Tony Edwards| June 2008 issue
Medical progress is invariably considered futuristic, but one bit of buzz in the world of cancer research surrounds a man who did most of his work in the 1930s. His name is Otto Warburg, and he’s a German biochemist who—although he was awarded the Nobel Prize for medicine—died in 1970 with his groundbreaking cancer theory discredited and all but forgotten. Today, however, scientists are looking back at his work, acknowledging its importance.
When Warburg proposed his theory about cancer in 1924, the condition was relatively rare, so cancer research was virgin territory. Trained in both physics and chemistry, Warburg studied the assimilation of carbon dioxide and oxygen in plant and animal cells in his late thirties, and noticed something strange about cancer cells. They didn’t use oxygen the same way as normal cells; in fact, they hardly used oxygen at all.
Normal cells take in oxygen through their mitochondria, descendants of bacteria in the original single-celled ancestors of animals and plants. The mitochondria use oxygen to break up carbohydrate molecules (glucose) and release energy. But Warburg discovered cancer cells seem to bypass the mitochondria. Instead, they get energy from a process he called fermentation (now termed “glycolisis”), in which energy is extracted from glucose without the use of oxygen.
To his contemporaries, this was curious, but for Warburg it was fundamental. “The prime cause of cancer is the replacement of the respiration of oxygen in normal body cells by a fermentation of sugar,” he told fellow scientists a few years before he died. Warburg proved his theory by culturing animal cells in a test tube, then growing them under reduced oxygen pressure—within 48 hours they had become cancerous. Even when restored to normal oxygen pressure, the artificially created cancer cells carried on dividing into yet more cancer cells. Once the fermentation process had been established in each cell, said Warburg, the process was “irreversible.”
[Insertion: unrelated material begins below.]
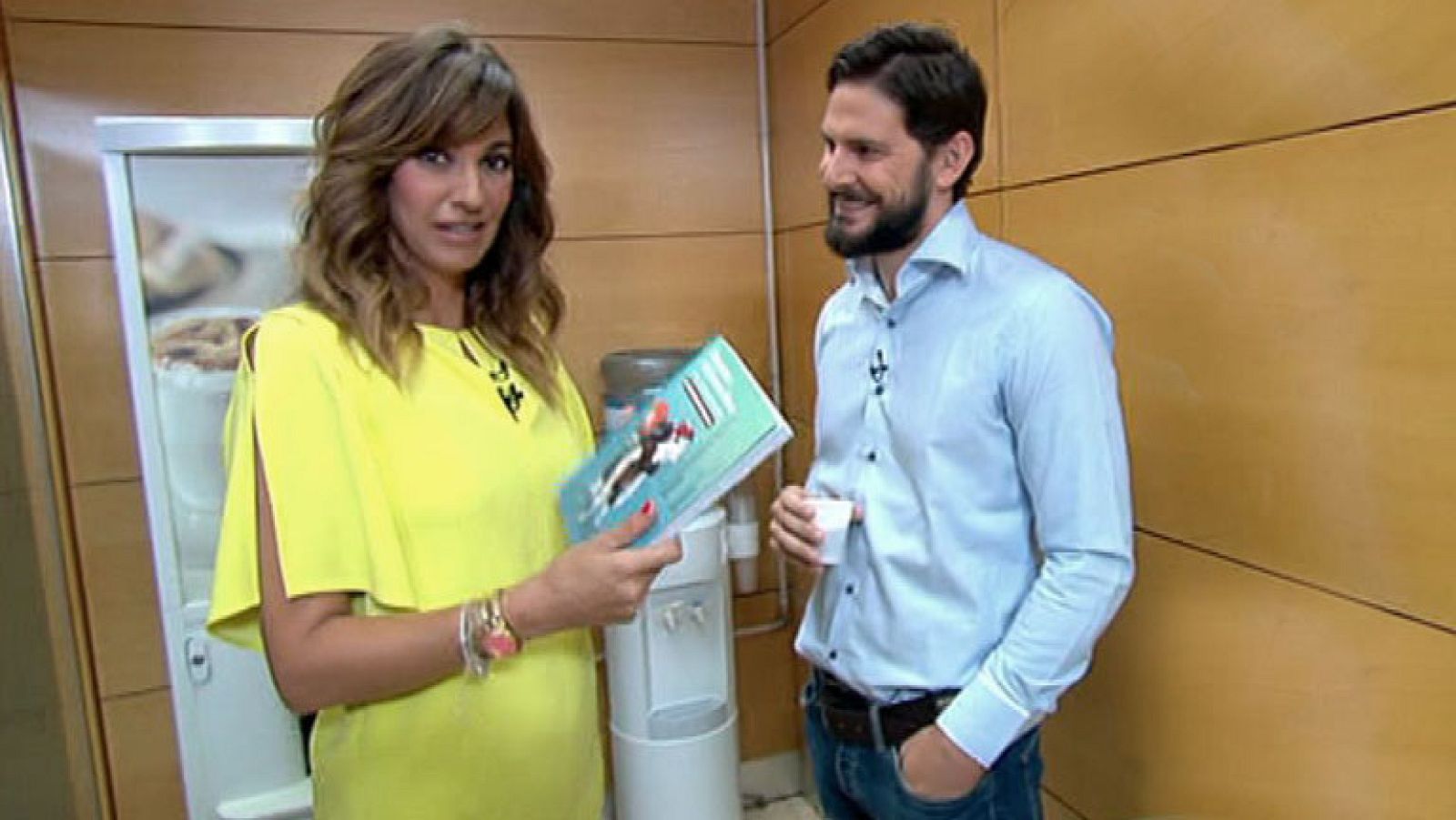 La mañana - Café con... Alexander Benalal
Fast-forward to 2002 in the department of molecular biology at the University of Madrid. There, a group of scientists was investigating the detailed metabolic processes involved in liver, kidney and colon cancer. Their findings? Two separate mechanisms spurred the cancer’s growth, both with the same result: the inhibition of the mitochondria in normal cells. Warburg had lacked the technology to understand the mechanisms behind his theory, but here was the first vindication of it.
The Spanish scientists were quick to acknowledge that their findings offered “strong support for the Warburg hypothesis.” The team has now discovered similar mechanisms in lung and breast cancers.
Subsequently, a group of molecular biologists at the University of Texas in the U.S. has confirmed that cancer cells thrive in an oxygen-depleted environment and shown for the first time that if glycolisis is inhibited, cancer cells die off at a fierce rate.
Teams at Harvard University and the Massachusetts Institute of Technology in the U.S., led by professor Stuart Schreiber, have since looked in detail at how normal cells change into cancer cells. Focusing on the cells’ metabolism, the teams rediscovered what Warburg proposed 70 years before. As cells become cancerous, they stop getting energy from their mitochondria, progress to glycolisis, no longer take in and release oxygen and wind up oxygen-depleted. What’s more, this process seems to have a genetic component. “We have gained insight into the relationship between two models of carcinogenesis—the Warburg hypothesis and the one based on cancer-causing genes,” Schreiber wrote in a 2005 paper. “Rather than being opposing models, the two are interlinked.”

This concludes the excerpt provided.